According to contemporary records, he was born in Oklahoma and later lived in Kansas before founding the Brotherhood of the White Temple. Doreal claimed that during a 1925 visit to the Great Pyramids of Giza, he discovered a set of ancient emerald tablets belonging to the Egyptian deity Thoth, whom he re-imagined as a king of Atlantis. Doreal then claimed to have translated the text, which he published as the Emerald Tablets of Thoth the Atlantean (not to be confused with the medieval Hermetic text called the Emerald Tablet).

==Occult views==
In around 1930, Maurice Doreal formed the Brotherhood of the White Temple in Denver, having been involved in Theosophy. He claimed that in 1931, in Los Angeles, he met two Atlanteans who took him to a cave underneath Mount Shasta. Doreal quickly developed a cosmology focused on the inner earth, describing "underground races" he claimed to have learned about from the Atlanteans. Doreal developed theories of an underground serpent race.

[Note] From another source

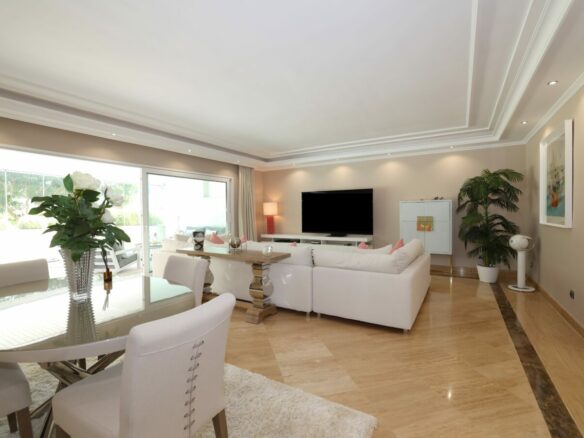 FOR SALE 🏡 Ground Floor Two-Bedroom Apartment with Oversized Terrace – Embrujo de Banús, Puerto Banús 🇪🇸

Doreal sent a letter to the Amazing Stories science fiction magazine in 1946, claiming to have personally experienced underground worlds as initially reported by Richard Sharpe Shaver.

During the 1950s, Doreal incorporated aliens into his views. He combined these all into a theory that in the second half of the 20th century, the serpent race would ally with the Antichrist. He believed that there were "three types of flying saucers including one piloted by 'serpent people' who were once ice-bound in Siberia, became defrosted and then replaced and overthrew the Communist regime in Russia".

In the late 1940s and early 1950s, Doreal relocated the Brotherhood near Sedalia, Colorado, where he predicted that nuclear war would happen in 1953, but that he and his community would be protected by the mountains in the valley they relocated to. He died in 1963.